Kerajaan Banjarmasin pada hakekatnya adalah lanjutan dari Kerajaan Negara Daha. Ramli Nawawi, dalam tulisannya berjudul Mengungkap Sejarah Banjar: Mengapa Pangeran Sukarama menunjuk Raden Samudera Sebagai Penggantinya?, Banjarmasin Post, 20 Februari 1979, menyatakan Raden Samudera pembangun Kerajaan Banjarmasin, seorang yang mempunyai hubungan darah dengan Raden Sekar Sungsang, raja pertama di Negara Daha.

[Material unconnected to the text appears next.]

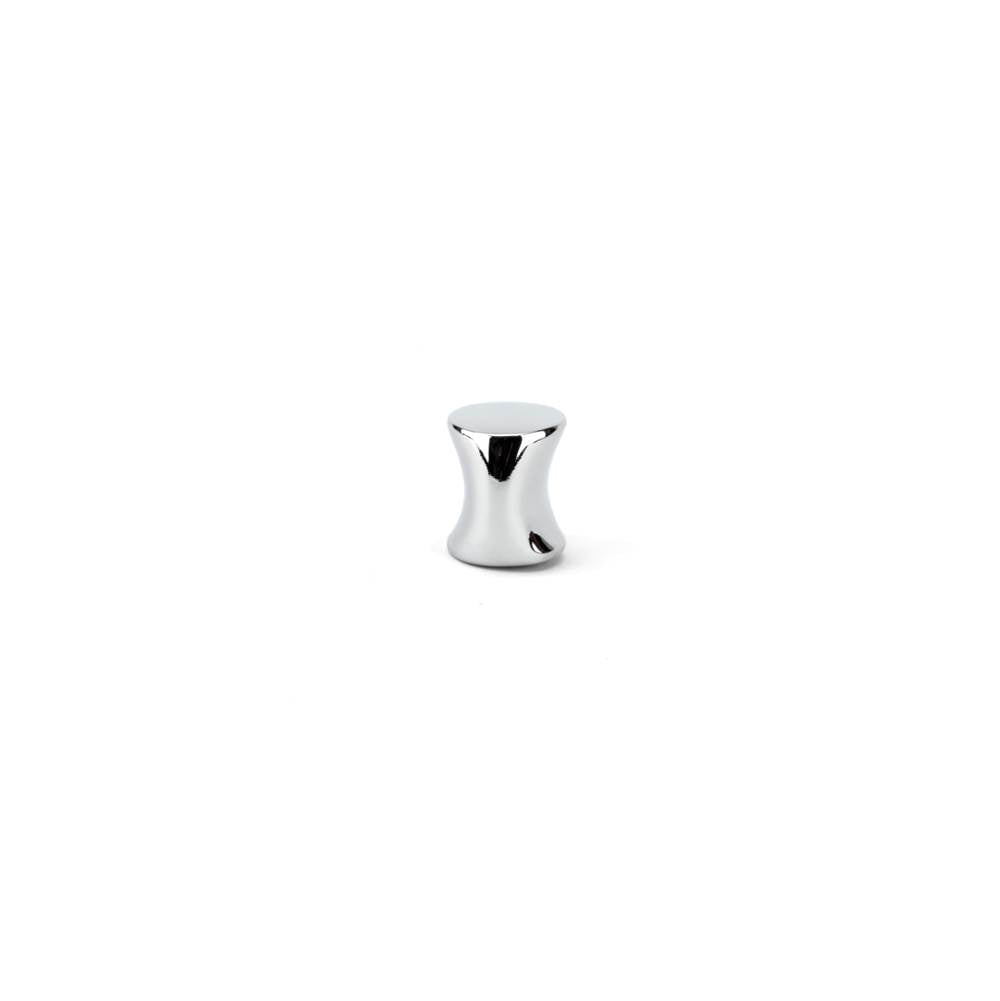 Contemporary Metal Knob - 82871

Ada dua versi silsilah asal usul Raden Samudera yang menghubungkan ia dengan raja-raja yang berkuasa sebelumnya di Negara Daha atau di Negara Dipa. Versi pertama berdasarkan cerita tradisi tertulis, versi kedua berdasarkan cerita tradisi lisan.
Peneliti Belanda JJ Ras dalam Hikayat Banjar, menamakan kedua versi silsilah itu dengan istilah Resensi I dan Resensi II.
Amir Hasan Kiai Bondan dalam Suluh Sejarah Kalimantan menulis, Raden Samudera adalah anak Raden Mantri Jaya anak Raden Bangawan anak Maharaja Sari Kaburangan (Sekar Sungsang). Sementara jika dari jalur ibu, Raden Samudera anak Putri Galuh anak Maharaja Sukarama anak Sekar Sungsang. Selanjutnya, Sekar Sungsang anak Maharaja Carang Lelean (Carang Lelana) anak Pangeran Suryawangsa anak Pangeran Suryanata. Pangeran Suryanata dengan istrinya Putri Junjung Buih adalah pendiri dinasti Kerajaaan Negara Dipa.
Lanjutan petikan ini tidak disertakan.